_GIVEN RECORDS_.
== Segment start ==
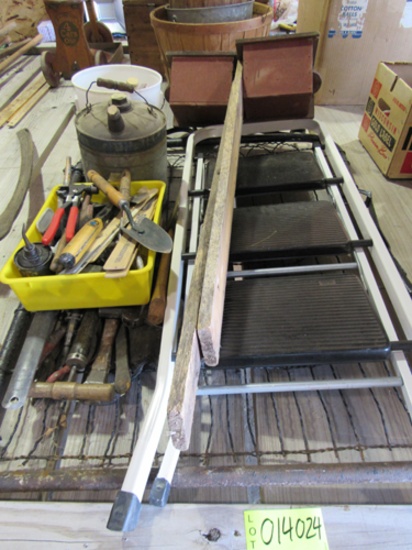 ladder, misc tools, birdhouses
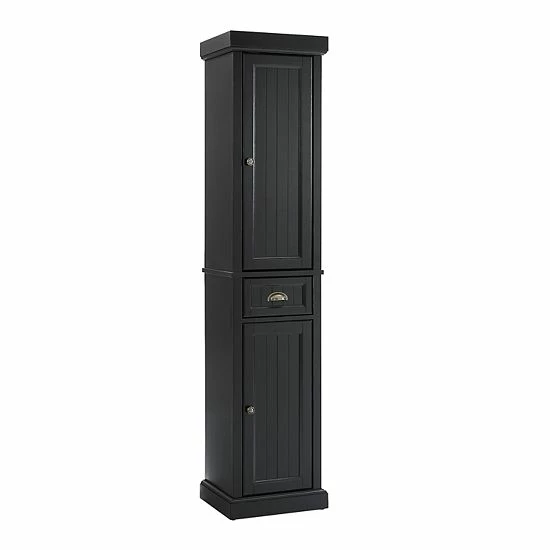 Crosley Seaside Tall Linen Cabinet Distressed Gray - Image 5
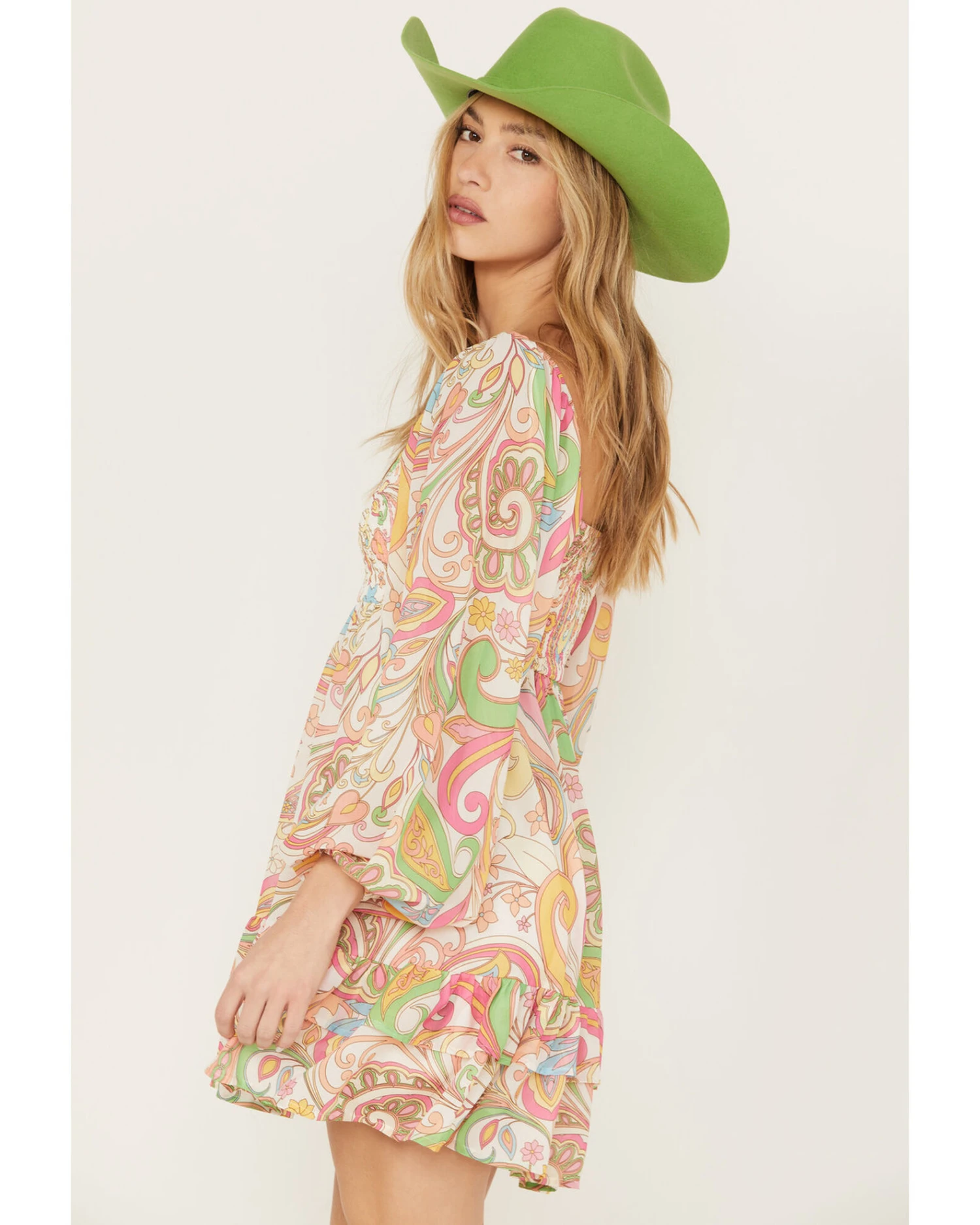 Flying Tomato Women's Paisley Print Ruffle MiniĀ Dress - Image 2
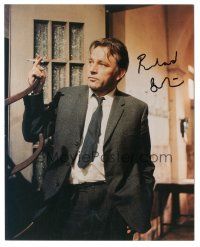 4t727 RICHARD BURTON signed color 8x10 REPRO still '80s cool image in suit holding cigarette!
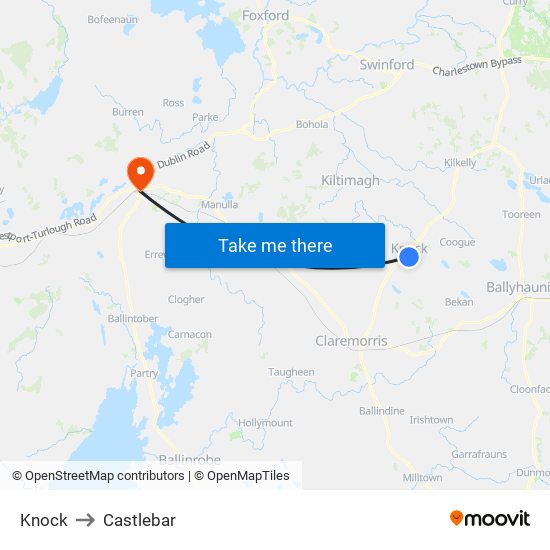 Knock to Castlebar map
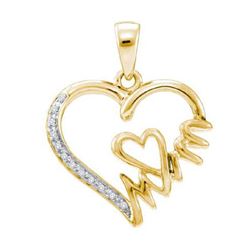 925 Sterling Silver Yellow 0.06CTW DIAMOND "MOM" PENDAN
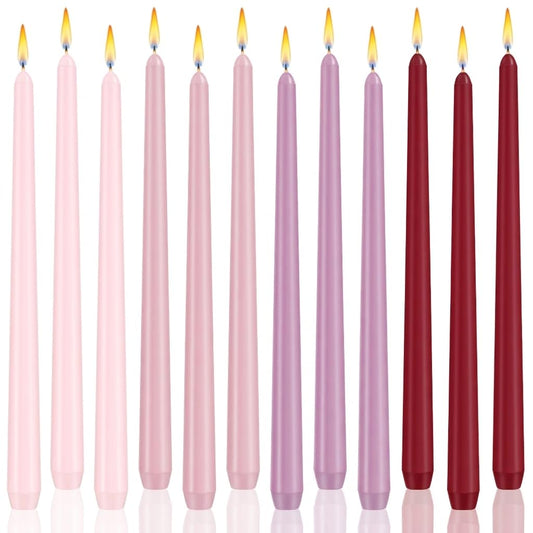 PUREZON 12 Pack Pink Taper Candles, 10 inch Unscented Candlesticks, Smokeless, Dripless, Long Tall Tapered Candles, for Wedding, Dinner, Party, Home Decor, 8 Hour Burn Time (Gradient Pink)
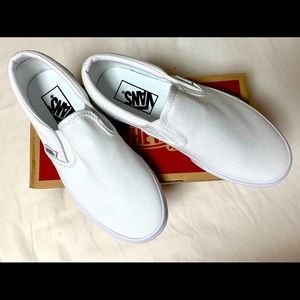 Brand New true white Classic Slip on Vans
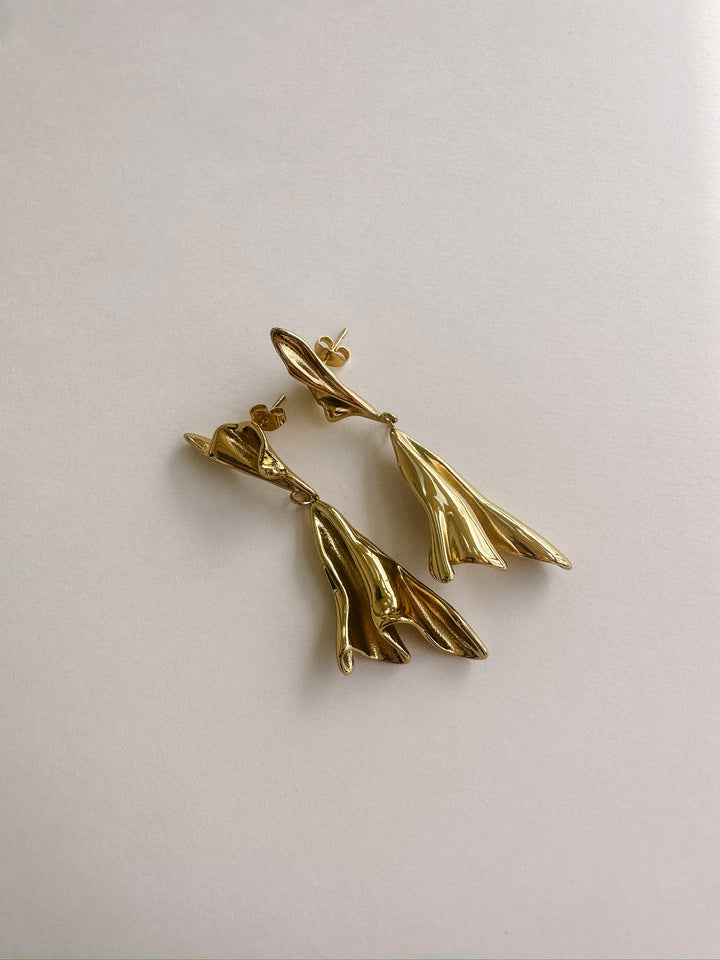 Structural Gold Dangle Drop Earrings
== Segment end ==
_WORK ORDER_.
Would you give the records again exactly, dropping the pictures?

_ANSWER BELOW_.
 ladder, misc tools, birdhouses
 Crosley Seaside Tall Linen Cabinet Distressed Gray - Image 5
 Flying Tomato Women's Paisley Print Ruffle MiniĀ Dress - Image 2
 4t727 RICHARD BURTON signed color 8x10 REPRO still '80s cool image in suit holding cigarette!
 Knock to Castlebar map
 925 Sterling Silver Yellow 0.06CTW DIAMOND "MOM" PENDAN
 PUREZON 12 Pack Pink Taper Candles, 10 inch Unscented Candlesticks, Smokeless, Dripless, Long Tall Tapered Candles, for Wedding, Dinner, Party, Home Decor, 8 Hour Burn Time (Gradient Pink)
 Brand New true white Classic Slip on Vans
 Structural Gold Dangle Drop Earrings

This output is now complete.